# Spring swarms



## Cloverdale (Mar 26, 2012)

The sooner the better.


----------



## FlowerPlanter (Aug 3, 2011)

In MO the first swarms happen near the end of Apr. For you maybe a week later. This year it could be a bit early due to warm weather. 

Watch the swarm threads here on beesource; as they increase in the south and work their way up to north (it's like a wave).


----------



## SHAWHANBEEK (Feb 7, 2016)

FlowerPlanter said:


> In MO the first swarms happen near the end of Apr. For you maybe a week later. This year it could be a bit early due to warm weather.
> 
> Watch the swarm threads here on beesource; as they increase in the south and work their way up to north (it's like a wave).


What he said... You can also look at the previous seasons on the swarm date thread. It came early last year and is looking like an early one this year too..


----------



## philip.devos (Aug 10, 2013)

enus75 said:


> I was wondering I live north of Baltimore In Maryland when you guys would put swarm traps outs


I have hives in Carney and Fork, MD. I am planning on getting swarm boxes out near the third or fourth week of March. Last year I was late in getting 3 boxes out, and did not get a single swarm in the boxes.

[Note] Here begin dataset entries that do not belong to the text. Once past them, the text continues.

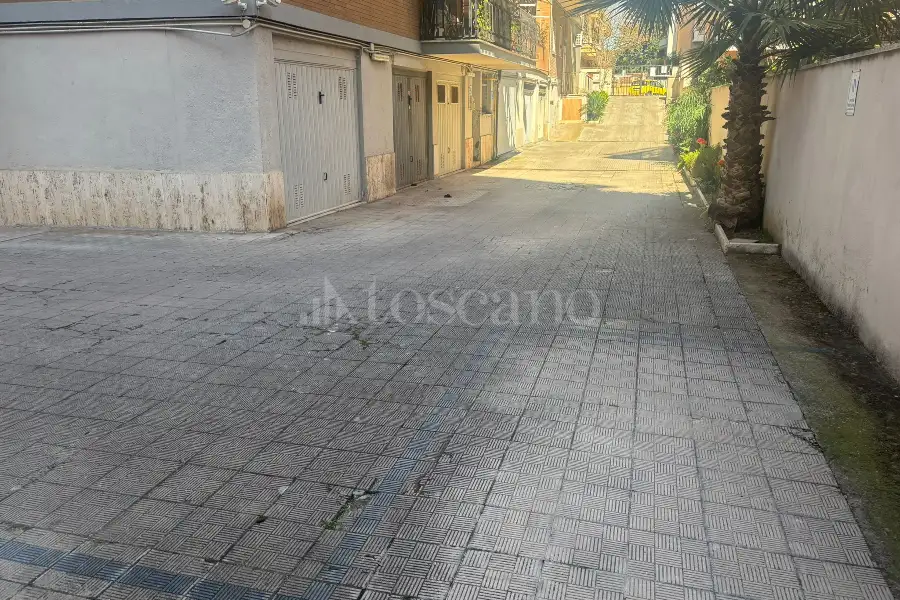 Box in vendita di 32 mq a €59.000 (rif. 23/2026)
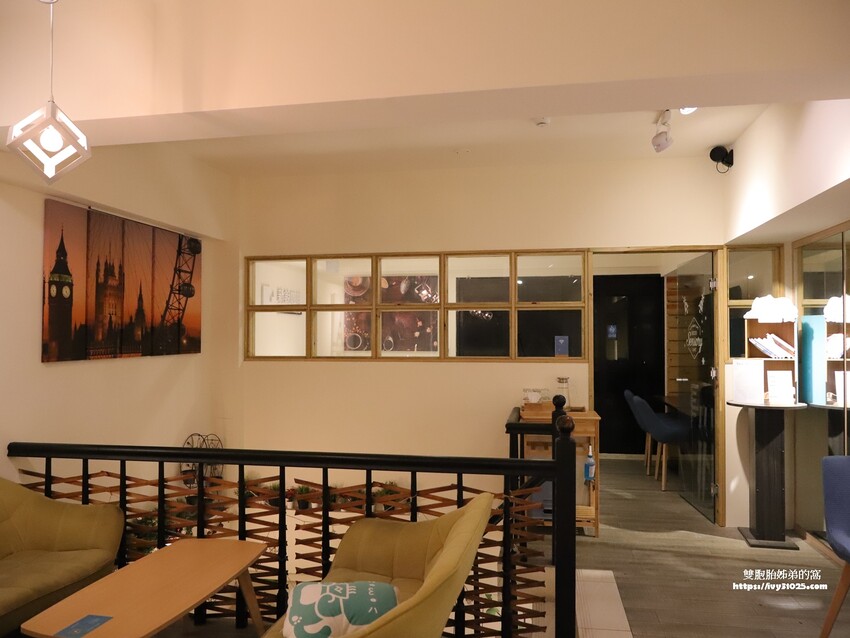 高雄咖啡廳 新銳咖啡高雄鼎中店 與朋友盡情暢談相聚的深夜咖啡廳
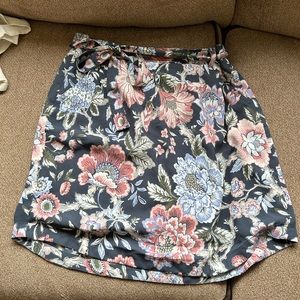 Super cute floral mid length Loft skirt. Light & flows! Size M, worn once.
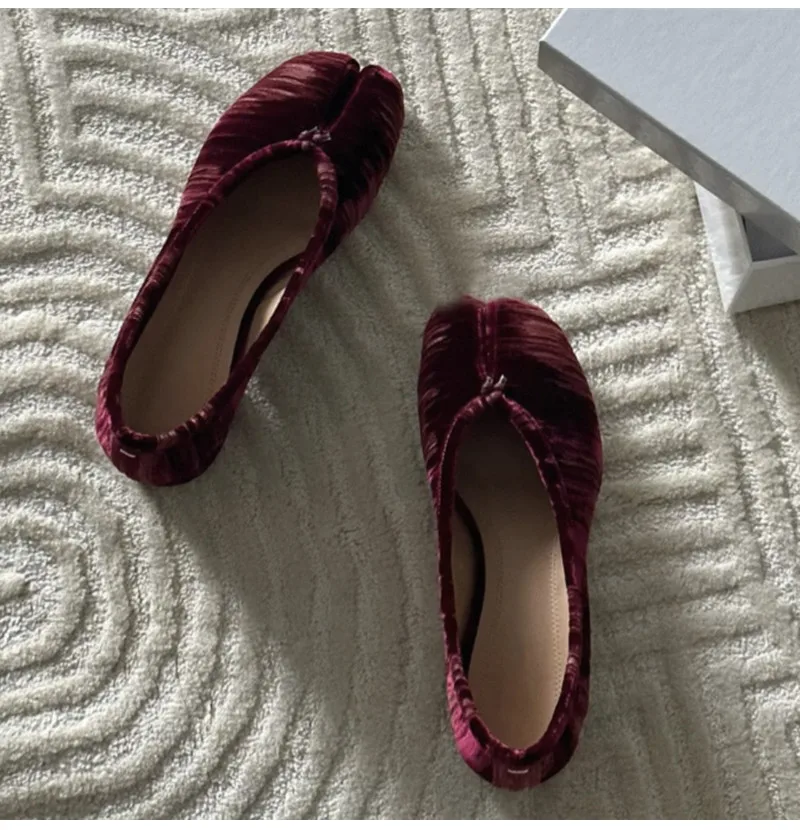 Fashion Pleated Designer Flannel Split toe Women Ballet Pumps Vintage Low Heeled Tabi Loafers Casual Soft Soles Walking Shoes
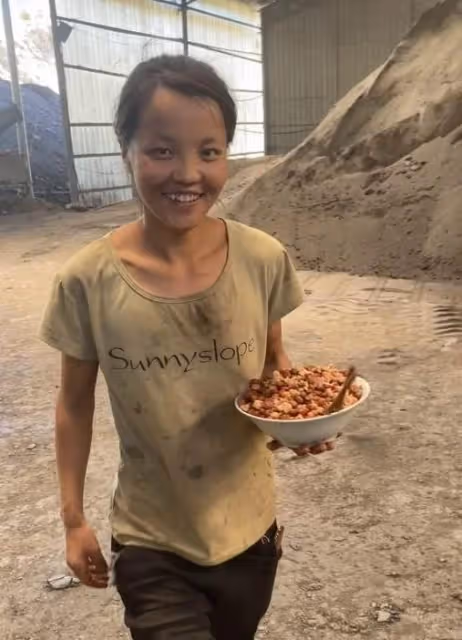 農民工夫妻生活窘迫,要撫養4個孩子,他們的笑容讓不少網友動容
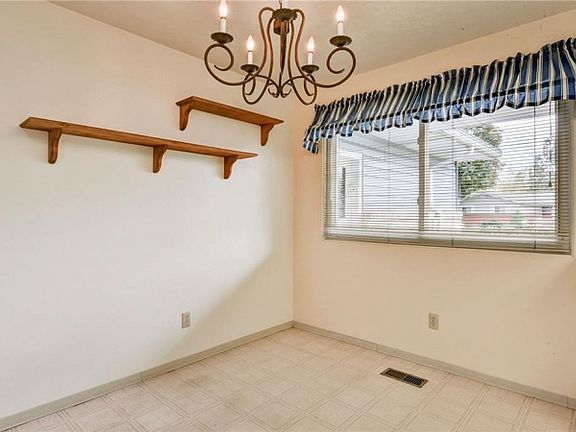 5th image of 3580 N Kilarney Dr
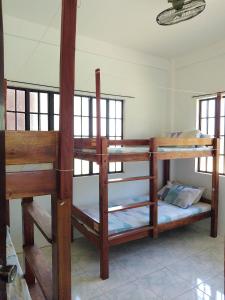 Gallery image of Estrelle Orange House - Backpackers Hub in Puerto Princesa City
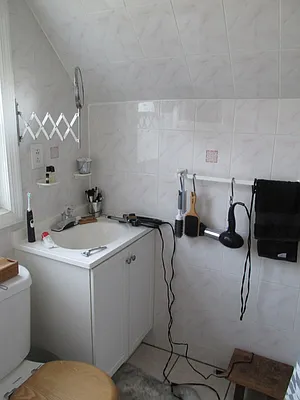 Rented by Windsor Homes Realty Corp | media 36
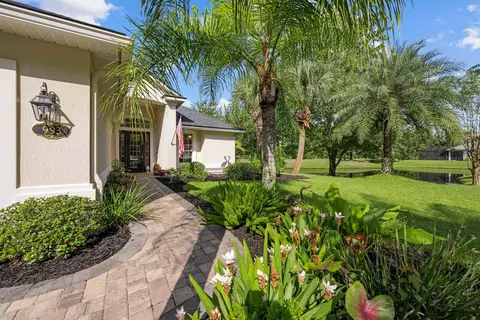 993 Oxford Dr, Saint Augustine, FL 32084 photo 3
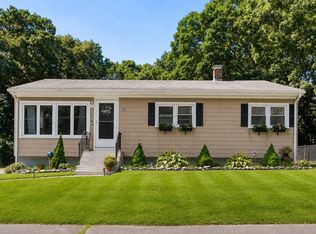 15 Dawes St, Blackstone, MA 01504
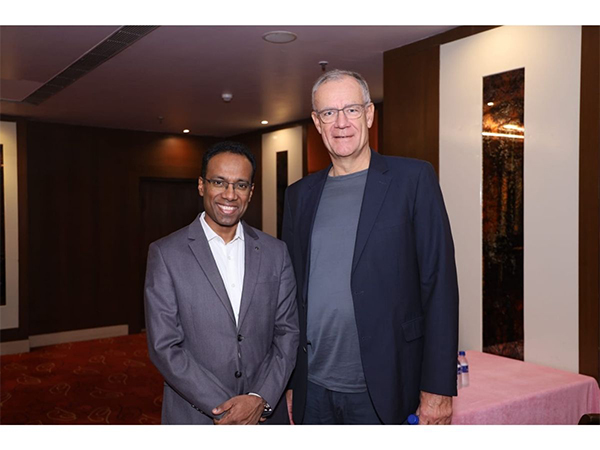 Dr. Simon Thomas and Dr. Wolfgang Klauser lead a landmark workshop at Max Hospital Shalimar Bagh, uniting Indian and German expertise in advanced revision knee replacement procedures.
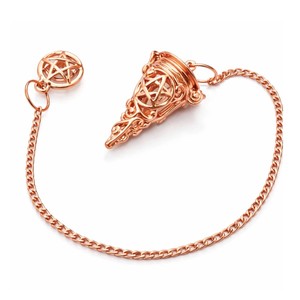 Pendentif Feng Shui en forme de cône poli or rose pour la guérison énergétique, la divination et l'art écologique - Vente en gros - Product Image 1
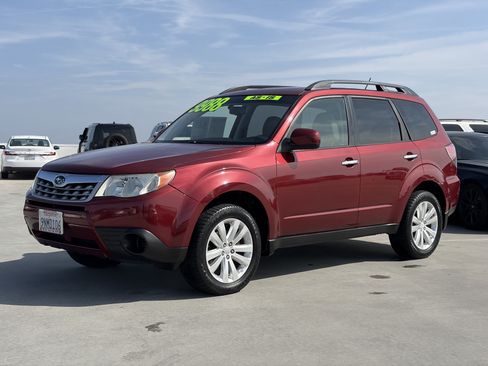 Used 2012 Subaru Forester 2.5X Premium w/ All-Weather Pkg AWD/4WD image 6
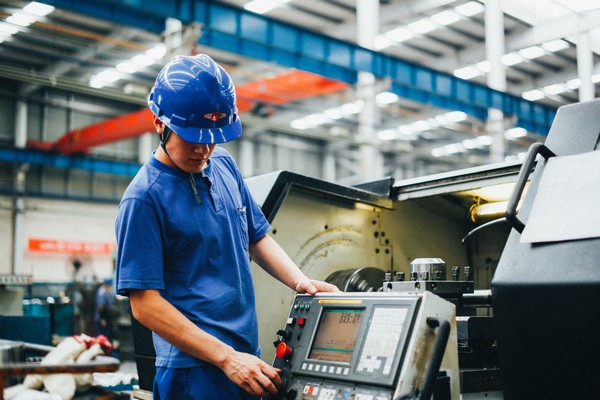 曾梦想当厨师，，，却成数控车工巨匠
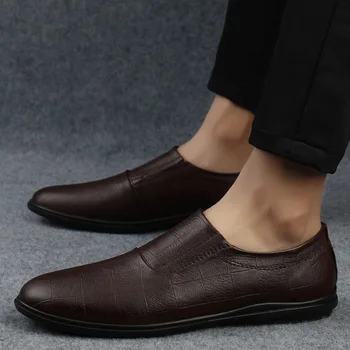 Мужские модельные туфли, мужские повседневные лоферы из натуральной кожи, мягкие противоскользящие резиновые лоферы, мужская деловая офисная обувь для вождения, мужские туфли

I went into my Carney hives this past Saturday; I did not see any drones or drone brood. If I start seeing drones around the first of March (or earlier) I will try to get the boxes out earlier.


----------



## Riverderwent (May 23, 2013)

enus75 said:


> I was wondering I live north of Baltimore In Maryland when you guys would put swarm traps outs


April 1st.


----------



## gww (Feb 14, 2015)

I guess it depends on how many traps you have. I know it is a waste but I try to get my traps out at the beginning of march. I find it always takes a lot longer to put them out then I plan for and april is when gardening starts and mushroom season and all other types of things. I just like getting it done really early so it is done for sure. I also leave the traps out all year and just bait a bunch. I had 16 traps out and it actually takes a bit more time to get them all right and it needs to be done at what normally turns out to be a busy time.

Just something to think about.
gww


----------



## Mr.Beeman (May 19, 2012)

Swarms here start about may 4th or there abouts.


----------



## wadehump (Sep 30, 2007)

Built 6 today for a total of 15 last of march for me. Caught 14 last year


----------